The mathematical basis for the continuum modeling of MHD systems is the solution of the governing partial differential equations (PDEs) describing conservation of mass, momentum, and energy, augmented by Maxwell’s equations for the electric and magnetic field. This system of PDEs is non-self adjoint, strongly coupled, highly nonlinear, and characterized by multiple physical phenomena that span a very large range of length- and time-scales. These interacting, nonlinear multiple time-scale physical mechanisms can balance to produce steady-state behavior, nearly balance to evolve a solution on a dynamical time scale that is long relative to the component time-scales, or can be dominated by just a few fast modes. These characteristics make the scalable, robust, accurate, and efficient computational solution of these systems over relevant dynamical time scales of interest extremely challenging.
Our production MHD capabilities are contained within a family of multiphysics codes known as ALEGRA*. The codes — including ALEGRA, ALEGRA-MHD, ALEGRA-HEDP and ALEGRA-EMMA — constitute an extensive set of physics modeling capabilities built on software in the Nevada framework and third-party libraries. They simulate large deformations and strong shock physics including solid dynamics in an Arbitrary Lagrangian-Eulerian methodology as well as magnetics, magnetohydrodynamics, electromechanics and a wide range of phenomena for high-energy physics applications. Our principal customers have applied these codes in a variety of Z-pinch physics experiment designs and applications, in the development of advanced armor concepts, and in numerous National Security programs. Research and development in advanced methods, including code frameworks, large scale inline meshing, multiscale lagrangian hydrodynamics, resistive magnetohydrodynamic methods, material interface reconstruction, and code verification and validation, keeps the software on the cutting edge of high performance computing.

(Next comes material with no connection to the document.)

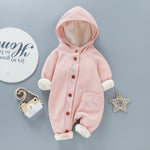 Baby Boys Girls Button Hooded Long Sleeved Plush Jumpsuit - PrettyKid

We also conduct research and development of advanced computational formulations and solution methods for challenging multiple-time-scale multiphysics MHD systems. For multiple-time-scale systems, fully-implicit methods can be an attractive choice that can often provide unconditionally-stable time integration techniques. The stability of these methods, however, comes at a cost, as these techniques generate large and highly nonlinear sparse systems of equations that must be solved at each time step. In the context of MHD, the dominant computational solution strategy has been the use of explicit, semi-implicit, and operator-splitting time integration methods. With the exception of fully-explicit strategies, which are limited by severe stability restrictions to follow the fastest component time scale, all these temporal integration methods include some implicitness to enable a more efficient solution of MHD systems. Such implicitness is aimed at removing one or more sources of numerical stiffness in the problem, either from parabolic diffusion or from fast wave phenomena. While these types of techniques currently form the basis for most production-level resistive MHD simulation tools, a number of outstanding numerical and computational issues remain. These include conditional stability limits, operator-splitting-type errors, heuristic time-step-controls and limited temporal orders of accuracy.

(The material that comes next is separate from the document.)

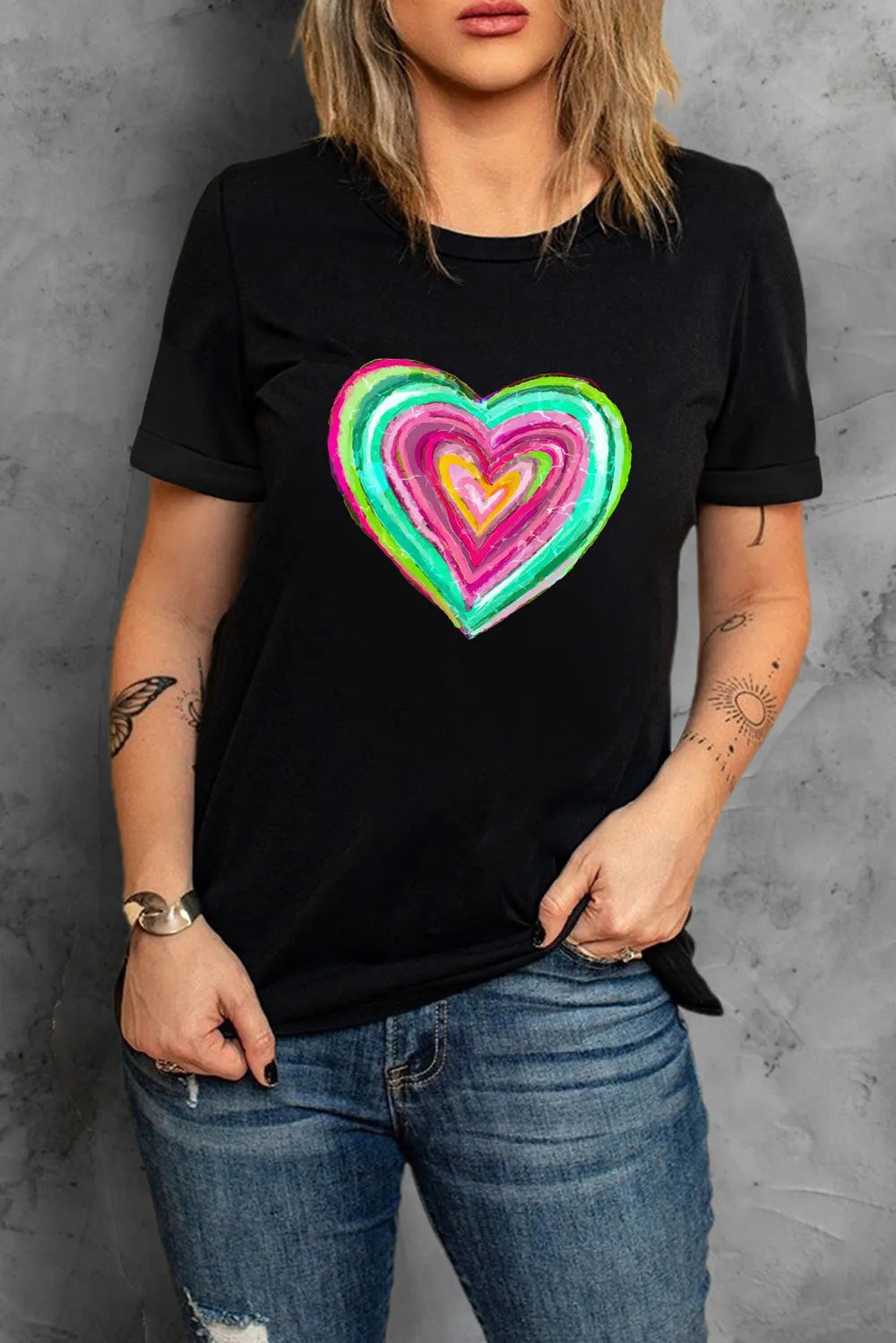Heart Round Neck Short Sleeve T-Shirt – Trendsi | ClozArt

In our DOE Advanced Scientific Computing Research Applied Math Program funded research** we are pursuing the development and evaluation of
- higher-order-accurate, scalable, and efficient fully-implicit formulations for resistive and extended MHD with coupled multiphysics effects (e.g. anisotropic transport, multiple temperatures, coupled radiation-diffusion models, etc.),
- stable and accurate spatial discretizations based on unstructured mesh FE approximations that allow efficient enforcement of physical constraints (e.g. conservation, positivity preservation, div B = 0, etc),
- strongly coupled Newton-Krylov nonlinear solver with new physics-based and approximate block factorization preconditioners that enable scalable multilevel sub-block solvers,
- new mathematical algorithms and computer science techniques to effectively utilize extreme-scale resources with very high-core counts and high-concurrency node architectures.
To enable the research described above SNL has developed a very flexible multiphysics MHD simulation code, Drekar::XMHD that enables the development of new multiphysics MHD models and allows the rapid prototyping of new computational formulations and solution methods on large-scale parallel machines. This code has been demonstrated to weak-scale on a Cray XK7 and an IBM BG/Q on up to 128K and 256K cores (respectively). Recently we have also carried out strong scaling studies on up to 500,000 cores of an IBM BG/Q for a fully-coupled Krylov/AMG V-cycle linear solver that is a critical kernel for scalable solution of MHD systems.